Your output should be everything below from the line containing "jara jara funny" down to the line containing "焦糖色皮沙发怎么搭配地毯", both ends included, copied exactly, with pictures left out.

_STUDY MATERIAL:_
Content starts

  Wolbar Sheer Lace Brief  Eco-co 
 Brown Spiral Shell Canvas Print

Content ends
Content starts

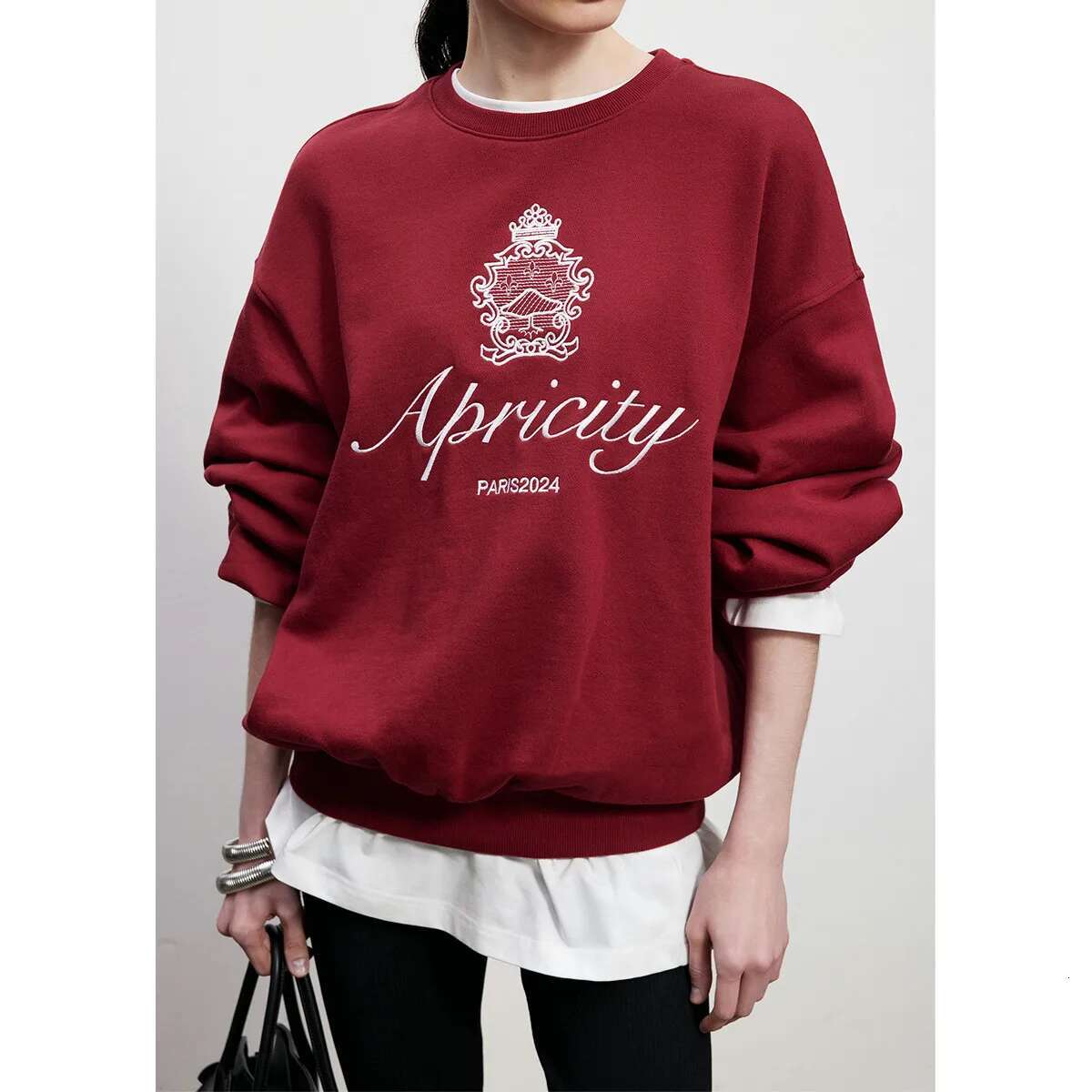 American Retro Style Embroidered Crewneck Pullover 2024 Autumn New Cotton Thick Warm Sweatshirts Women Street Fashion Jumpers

Content ends
Content starts

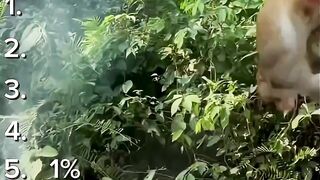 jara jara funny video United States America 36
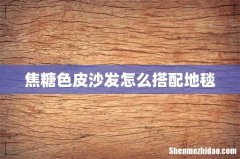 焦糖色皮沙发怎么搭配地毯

Content ends

_YOUR SOLUTION:_
 jara jara funny video United States America 36
 焦糖色皮沙发怎么搭配地毯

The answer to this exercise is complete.